As I write this sentence there are 15 days, 10 hours, and 33 minutes until graduation. Not that anyone is counting. Yesterday one of the first-year bloggers wrote about the experiences that she’s had over her first year and today I’ll reflect on my last four years at Juniata.
When I was gearing up to graduate from high school I was nostalgic, scared to leave the place that I had called home for four years, unsure of what was ahead of me. That same nostalgic feeling is absent now. I know what I am doing with my future, at least the next six years of it and I feel academically and socially prepared for the world. Juniata did a good job.
Of course, I’ll miss the quad and seeing the volleyball players frolic in the sun on their portable court. I’ll long for the lazy days where my friends and I would hammock in the trees outside of Founders, talking, and laughing, and dreaming about the future.

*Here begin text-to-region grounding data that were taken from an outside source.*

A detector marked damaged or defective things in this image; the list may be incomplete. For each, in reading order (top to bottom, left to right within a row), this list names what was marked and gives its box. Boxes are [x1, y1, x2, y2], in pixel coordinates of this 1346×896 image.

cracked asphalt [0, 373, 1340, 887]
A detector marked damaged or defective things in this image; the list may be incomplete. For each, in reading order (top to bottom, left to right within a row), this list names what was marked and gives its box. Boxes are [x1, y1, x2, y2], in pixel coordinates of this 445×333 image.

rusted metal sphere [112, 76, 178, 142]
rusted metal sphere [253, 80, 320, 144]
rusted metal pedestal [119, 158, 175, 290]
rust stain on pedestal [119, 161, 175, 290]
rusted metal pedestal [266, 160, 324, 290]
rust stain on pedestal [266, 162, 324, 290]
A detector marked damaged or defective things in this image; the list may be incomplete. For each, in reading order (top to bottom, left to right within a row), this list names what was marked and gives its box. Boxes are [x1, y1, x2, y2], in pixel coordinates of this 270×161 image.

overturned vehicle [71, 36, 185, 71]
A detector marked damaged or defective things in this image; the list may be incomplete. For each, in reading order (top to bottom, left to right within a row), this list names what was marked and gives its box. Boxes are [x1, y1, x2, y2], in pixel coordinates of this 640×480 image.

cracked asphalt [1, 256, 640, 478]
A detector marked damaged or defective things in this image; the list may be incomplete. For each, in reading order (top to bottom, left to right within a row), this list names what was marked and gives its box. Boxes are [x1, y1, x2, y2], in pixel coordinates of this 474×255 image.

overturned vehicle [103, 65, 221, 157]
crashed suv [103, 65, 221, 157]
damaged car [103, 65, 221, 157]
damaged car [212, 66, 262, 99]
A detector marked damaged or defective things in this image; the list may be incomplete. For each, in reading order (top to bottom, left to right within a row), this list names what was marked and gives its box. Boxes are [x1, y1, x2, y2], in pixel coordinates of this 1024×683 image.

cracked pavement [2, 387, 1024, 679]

I’ll miss my classes and the professors that taught them. I began to enjoy learning for learning’s sake because the professors here don’t just teach you the material, they challenge you to think about what you’re learning and understand not only how it applies to your field of study, but also about how it might help you to better understand the rest of the world. That’s the joy of a liberal arts education, it helps you develop a larger world view that allows you to better understand your place in it and how you can make it a better place.

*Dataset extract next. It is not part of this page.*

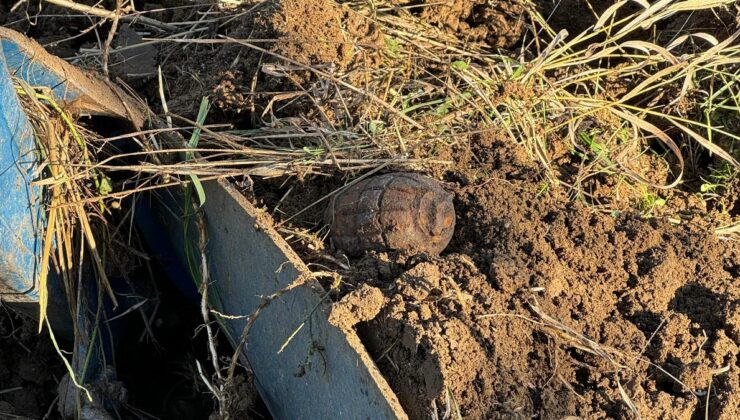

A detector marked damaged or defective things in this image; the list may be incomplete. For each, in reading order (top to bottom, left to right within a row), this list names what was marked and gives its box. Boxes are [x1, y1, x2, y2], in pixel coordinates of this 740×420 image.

rust stain on metal [326, 173, 454, 256]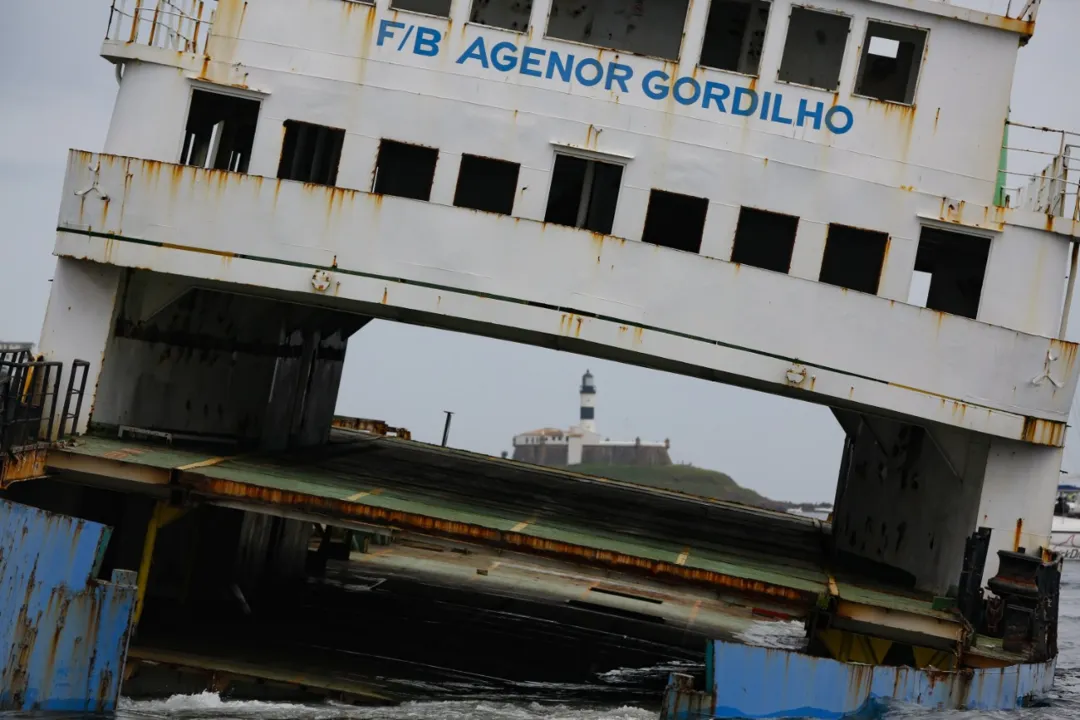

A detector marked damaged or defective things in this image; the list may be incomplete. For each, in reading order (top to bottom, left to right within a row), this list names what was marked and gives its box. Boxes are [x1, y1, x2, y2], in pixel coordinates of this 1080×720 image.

corroded metal panel [0, 498, 138, 712]
corroded metal panel [656, 639, 1054, 716]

I’ve received some of the best grades of my life that have led me to four semesters on the dean’s list. And I’ve received some of the worst grades of my life that have given me the worst GPAs I’ve ever had. One of the reasons I feel so prepared for graduate school and the rest of life is that Juniata and the courses I have taken here have taught me how to fail, and how to do it with grace. If I can offer one piece of advice to take with you into your first year it is: learn how to learn from your mistakes. Don’t beat yourself up if you don’t get an A on your first test in biology, or if College Writing Seminar (CWS) has revealed to you that you might not be the author of the next great American novel. That doesn’t mean you’re going to fail in biology or that you’ll never be a good writer. Take the advice that is given to you and follow through on it. Over time you’ll see that your bio grade will go up and your essays will begin to receive glowing insightful comments from your CWS professor.
You are all coming to Juniata next year for a myriad of reasons, but you all have one thing in common: a glowing work ethic and perseverance in the face of adversity. There are too many memories, both good and bad, to share with you in one blog post. That’s OK, because you’re going to be making plenty of amazing memories on your own.